Apocalipsis de la zurda mañosa.

Al volver a su país, luego de ganar Key Biscayne, Marcelo Ríos se encontró con enormes mareas humanas que se formaban desde Plaza Italia hasta su propia casa en la comuna de Vitacura. Ese mismo día visitó el Palacio de La Moneda y desde el balcón presidencial, junto al mandatario Frei, saludó a la gran masa de chilenos que repletaba las calles de Santiago.
Al poco rato, tomó el auto y partió rápidamente a su casa. Llegó, se acostó y sin pensarlo mucho se dio cuenta de que lo había logrado todo y ya no había más por hacer. Por eso, casi al día siguiente, decidió llamar al estricto Larry Stefanki, entrenador que lo llevó a la gloria con la misma metodología que utilizó Rocky Balboa para ganar el campeonato mundial de boxeo. El Chino pensó en eso y sin saberlo, ni mucho menos recordarlo, tomó la última decisión como número uno del mundo.

En menos de tres meses, la zurda mágica nunca volvió al puesto que cualquier otro deportista con su talento hubiese logrado. El fastidio de los exigidos entrenamientos no volverían a molestarlo. Ríos, definitivamente nunca nació para ser un tenista profesional. Tenía la muñeca y la mano, pero no los dedos para el piano. Así, el más grande de todos los tiempos volvió donde un viejo, pero inexperto conocido, Nick Bollettieri.
Repentinamente se comenzó a ver a Marcelo en variados autos deportivos –con uno de ellos atropelló a su gran amigos Astorga-, peleando descoordinadamente con la policía francesa, rompiendo sillas en bares, pagando multas de 10 mil dólares, casándose de blanco y con cola en la iglesia del cura Hasbún e insultando al gran Vilas en su propio país. Su gran problema fue que a pesar de dejar el Top Ten, siguió siendo portada de revistas y diarios.
Jugó solo, sin entrenadores que le exigieran nada, pero aún así, nunca volvió a ganar partidos. Bruscamente, el Chino cayó hasta el puesto 300 del ranking ATP y con tan sólo 27 años, la magia del irreverente talento dejó de maravillar al mundo. ¿Cómo? No lo supo jamás y tampoco lo recuerda.
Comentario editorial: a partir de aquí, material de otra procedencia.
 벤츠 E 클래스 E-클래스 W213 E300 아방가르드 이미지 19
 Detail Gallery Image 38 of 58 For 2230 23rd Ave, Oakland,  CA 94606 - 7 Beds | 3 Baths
Hoy día Marcelo Ríos cambió de disciplina. La gloriosa raqueta realiza clínicas deportivas para niños con riesgo social, relata partidos moderadamente, de vez en cuando se le ve reír y ve a su hija portorriqueña cada dos meses. A ella la visita en su nueva casa ubicada en un conocido rancho donde alguna vez le dijeron que no tenía el talento suficiente como para ser tenista. Sin embargo, la pequeña se entrena en la cancha “Marcelo Ríos” y cada vez que quiere, visita la biblioteca del campamento de tenis de Bollettieri para ver algunos videos de su padre.
El tiempo le daría la razón al más talentoso ser humano que se haya parado sobre una cancha de tenis, no obstante, nunca sabrá cómo llegó a serlo, ni qué pasó en los tiempos en que el tenis mundial era un verdadero espectáculo de magia.